Fast forward to evening. She would bring the bumper back, swing into a heel and then take off with it. Put the leash on and threw a couple close ones. Took the leash off again she would swing into a heel and then take off playing. Came inside and did some bumpers off leash - perfect. Went outside and again she misbehaved. 
At that point I am frustrated. She would never pull that behavior with DH. She tried but came back when called with the bumper. Not with me. As long as there is a bumper out there she will tease me until I tell her to sit or lay down. Mom is just a playmate in the back yard. 
I know some talk about dogs not having remorse, I did not say anything or yell yesterday but she knew I was frustrated with her. All evening in the house she was like a Velcro. She even "honored" me by sleeping in my bed and pushing her long OX body into me.
We'll try again after the dance concert with DH this time. She has done so good for him all week. Maybe I am just not cut out for field training.


----------



## hotel4dogs

Oh my, if I had a $ for every time I've said this, I could probably retire. Then I'd have TIME for field training, LOL.



Claudia M said:


> Maybe I am just not cut out for field training.


----------



## hotel4dogs

Whew, that does sound heavy. Do you know how tall she is? The Monster Boy is 23-1/2 inches tall, and weighs 67-68 pounds. My vet thinks that's a little too thin for him, thinks he should weigh 70 pounds, but I like him especially lean because of his activities.



Claudia M said:


> Come home and take her to the vet for the monthly weight 69.2 which worries me a bit even though she looks trim


----------



## gdgli

Claudia M said:


> Fast forward to evening. She would bring the bumper back, swing into a heel and then take off with it. .............Maybe I am just not cut out for field training.
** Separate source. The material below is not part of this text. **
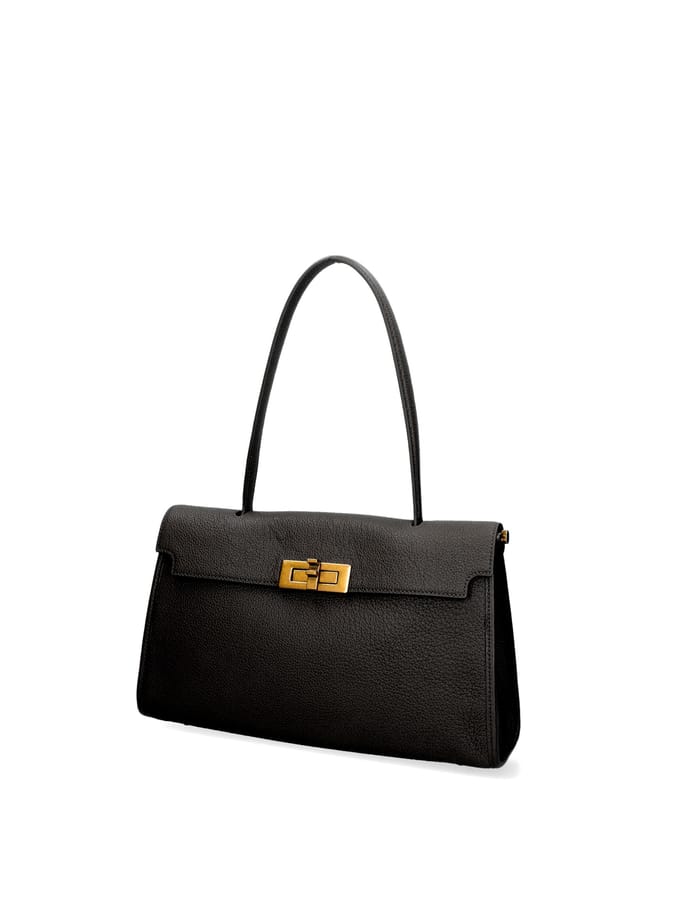 Gave Lux Schoudertas Women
I am going to make you feel much better. Buffy did that to me at a hunt test with a duck. I then went out into the field to get her, I lost her in the cover, and then I hear the judges (from 50 yds. away) yelling to me "She's back at the line". She had cut a big circle in the field and came back to the line while I was still looking for her. And there she was in a perfect sit delivering the bird to the judges.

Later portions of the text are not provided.